Jury convicts Rigoberto Vazquez in 2013 Quincy gang shooting
July 24, 2015
Officers were alerted by ShotSpotter that multiple shots had been fired in the area.
EPHRATA - The man charged with first-degree assault stemming from a gang-related shooting in Quincy in 2013 was convicted by a jury late last week of second-degree assault.
Rigoberto I. Vazquez, 26, of Quincy, was originally charged with two counts of first-degree assault, and those charges were amended to include firearm enhancements. Prosecutors also filed additional charges of riot while armed (with a firearm enhancement) and reckless endangerment before Vazquez's trial.
The jury reached its verdict last Friday. The jury was unable to unanimously agree on a guilty or not guilty verdict for both assault charges, and instead found Vazquez guilty of two counts of the lesser crime of second-degree assault, both with firearm enhancements. The jury also deemed Vazquez guilty of riot while armed with a firearm enhancement and of reckless endangerment.
According to Grant County Prosecutor Garth Dano, the jury was hung up at 10-2 in favor of guilt in the first-degree assault charges. Two of the jurors, he said, felt they couldn't find that Vazquez intended to inflict great bodily harm in the incident. The jury unanimously agreed on a guilty verdict for the lesser assault charges with firearm enhancements.
Dano said Vazquez could face up to eight years and three months of confinement, the maximum sentence for his convictions. The prosecutor's office will seek the maximum sentence, Dano said.
Vazquez's sentencing hearing was scheduled for Aug. 3.
Dano expressed thanks to Quincy police officers who were involved in the case, as well as the jurors and Kevin McCrae, the deputy prosecutor who primarily tried the case.
"I'm happy with the conviction," Dano said. "I would have liked to have had all the jurors return a verdict (of guilty) on assault-one, which would have been more time, but I understand that the (surveillance) video didn't show the whole story."

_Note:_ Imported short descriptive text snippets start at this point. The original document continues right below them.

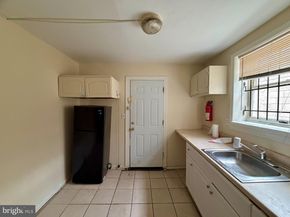 3205 Pearl Street, Philadelphia PA 19104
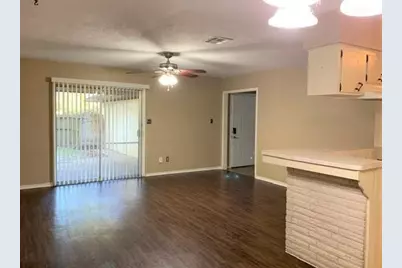 2123 Williamsburg Court, League City, TX 77573 - Photo 3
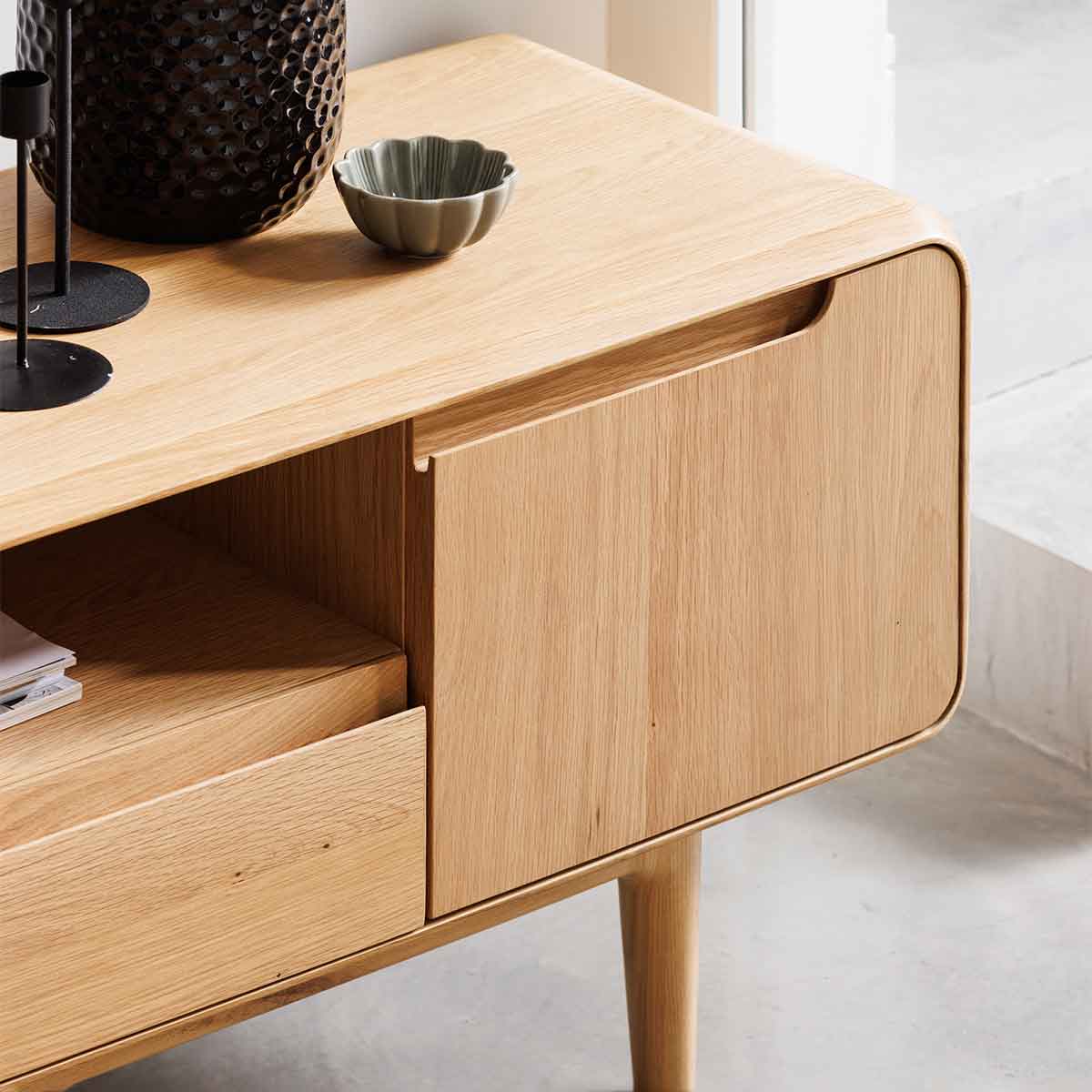 Winchester Retro TV Unit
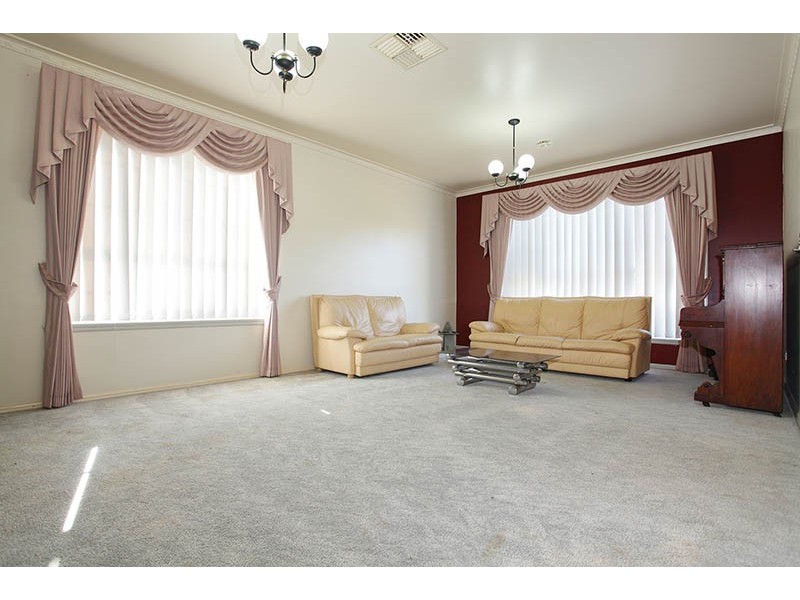 4 Kelland Avenue, Hillside VIC 3037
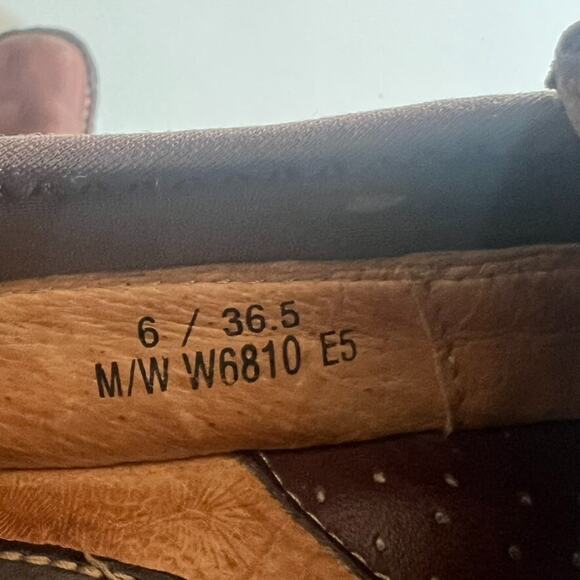 Born Shoes Womens 36.5 6 M Fine Tree Slip On Chelsea Loafer W6810 Brown Leather - Picture 9 of 13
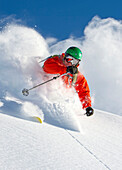 Closeup: Skifahrer macht bauchtiefen Schwung vor Kamera, Hochfügen, Zillertal, Österreich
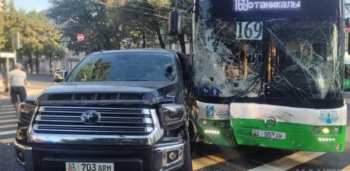 В ДТП пострадал еще один бишкекский автобус за 95 тыс. евро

Police reportedly responded to shots fired between two homes on C Street in Quincy June 22, 2013. Officers were notified by a 9-1-1 caller and a gunshot location system called ShotSpotter.
A victim, identified as Humberto Davalos, 28, was shot in the leg and transported to Quincy Valley Hospital, records show.
Police were called to 23 C St. SE just before midnight June 22, 2013, according to Quincy Police Department records. The residence reportedly was that of the deceased Edwin Davalos, who was murdered about three years prior to the incident and was a gang member.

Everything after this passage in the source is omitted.